The Caddies suit was for $50 million and was based on the action by the PGA that requires caddies to wear bibs during the events. The issue in this case was that “the bibs worn during the tournament events generates revenue that is not shared by the Tour.”
The Caddies are not compensated for wearing the bibs that promote the tournament sponsor during events. The bibs bear the logos of the tournament sponsor which, for all practical purposes, makes each caddie a mobile walking billboard during the tournament promoting not their golfer but the sponsor.
The PGA contended that the bibs worn are a uniform and that the caddies by their agreement in the contract accept the wearing of the bibs without any expectation of additional compensation.
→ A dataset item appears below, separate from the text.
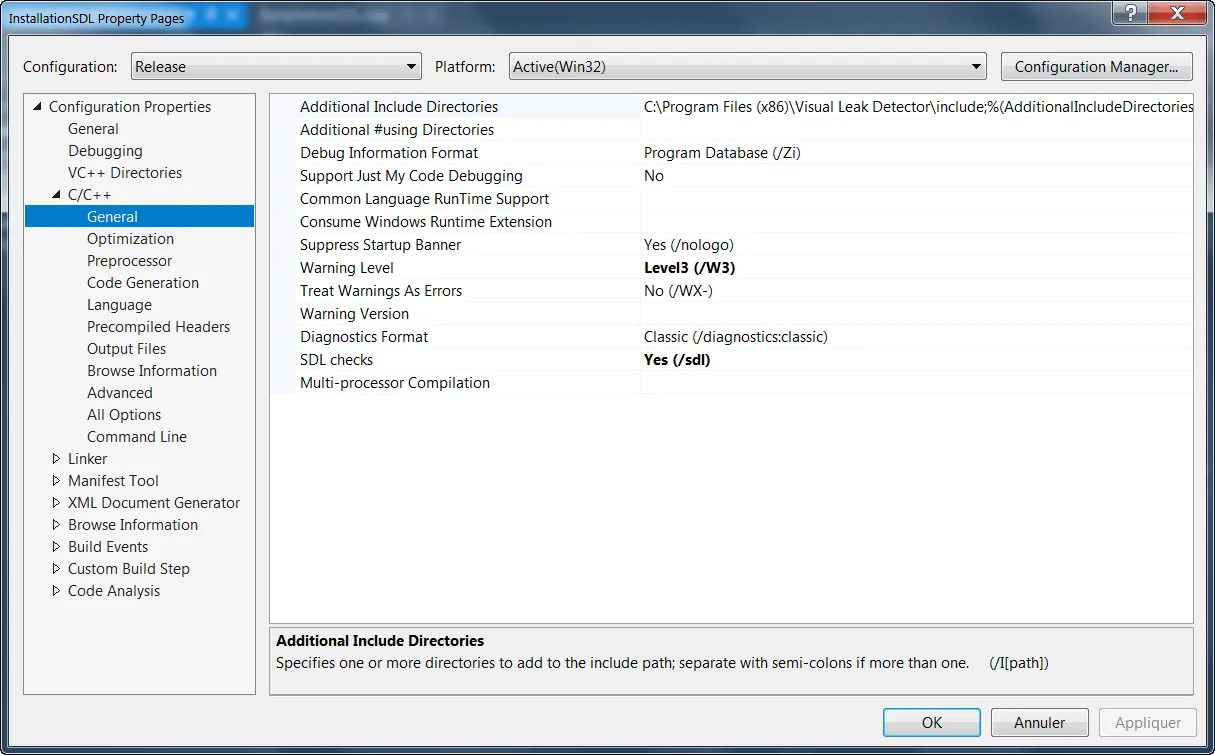 Add SDL2 include path part 1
Because the caddies’ association failed to establish and show a “plausible economic duress” they experienced by wearing the bibs, the court ruled in the favor of the PGA.
Here is where I feel the Caddies Association failed in their case. A uniform by definition is, “remaining the same in all cases and at all times, unchanging in form or character. It is the distinctive clothing worn by members of the same organization or body or by children attending certain schools.” The uniform in this case is the bib.
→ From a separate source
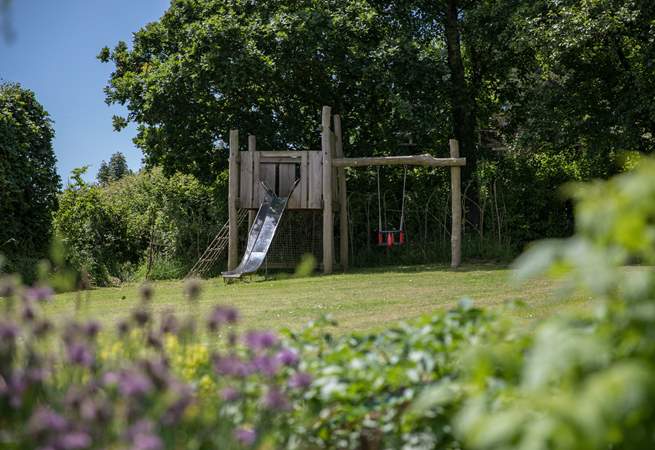 The wooden play set and lawn area is a real hit with the younger members of your party. This great space also offers ample room for a game football to take place for those with endless energy supplies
However, as stated in the definition, the uniform is “unchanging in its form and character,” the bibs are in fact changing in its design from one tournament event to the next. Though each bib may be similar in its look because the design of the bib is based on the specific tournament sponsor of the event, the look or form then of the bib is ever changing. Example being the white coveralls worn by the caddies during the Master’s Tournament and the bibs worn at the PGA Championship.
In this case, the white coveralls worn at the Master’s only displays the logo of the Master’s there are no other corporate sponsor logos displayed. To this point, Coke-a-Cola’s logo is different than that of the logo of FedEx both being an official PGA tournament sponsor.
Corporate sponsorships for PGA golf events come at a premium price. Corporate sponsors pay high dollars to have their logos in certain key areas on the course and in media programs to include the predominant spaces such as on the front of the bibs worn by the caddies. Though the bibs can contain more than one corporate sponsor logo, the process is the more predominant the logo, the bigger the space needed, and therefore, the higher the price paid to showcase a dominant logo of a corporate sponsor.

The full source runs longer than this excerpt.